NOTE 2-MANAGEMENT FEE AND OTHER TRANSACTIONS WITH AFFILIATES:
(A) Pursuant to a management agreement ("Agreement") with the Manager,
the management fee is computed at the annual rate of .55 of 1% of the average
daily value of the Series' net assets and is payable monthly. The Agreement
provides for an expense reimbursement from the Manager should the Series'
aggregate expenses, exclusive of taxes, brokerage, interest on borrowings and
extraordinary expenses, exceed the expense limitation of any state having
jurisdiction over the Series for any full fiscal year. However, the Manager
has undertaken from May 1, 1994 through April 2, 1995 to reimburse all fees
and expenses of the Series (excluding 12b-1 distribution plan fees and
certain expenses as described above), and thereafter through April 30, 1995,
to reduce the shareholder services plan fee paid by and reimburse such excess
expenses of the Series, to the extent that the Series' aggregate expenses
(excluding certain expenses as described above) exceeded specified annual
percentages of the Series' average daily net assets. The expense
reimbursement, pursuant to the undertakings, amounted to $210,380 for the
year ended April 30, 1995.
The Manager has currently undertaken through June 30, 1995 or until such
time as the net assets of the Series exceed $50 million, regardless of
whether they remain at that level, to reimburse all fees and expenses of the
Series (excluding 12b-1 distribution plan fees, shareholder services plan
fees and certain expenses as described above).
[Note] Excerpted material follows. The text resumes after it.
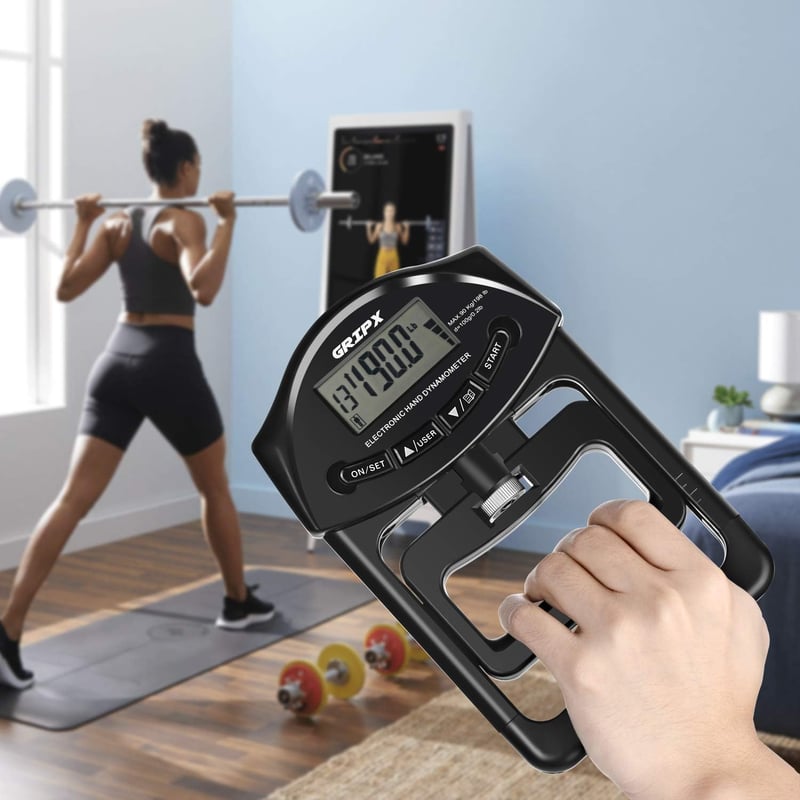 GRIPX Digitális Kézerő Mérő Dinamométer Fekete Sportos Kézfogás Erősség Tesztelő 90kg Kapacitás Elektronikus - black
The undertaking may be modified by the Manager from time to time,
provided that the resulting expense reimbursement would not be less than the
amount required pursuant to the Agreement.
Dreyfus Service Corporation retained $5,509 during the year ended April
30, 1995 from commissions earned on sales of the Series' Class A shares.
PREMIER STATE MUNICIPAL BOND FUND, ARIZONA SERIES
NOTES TO FINANCIAL STATEMENTS (CONTINUED)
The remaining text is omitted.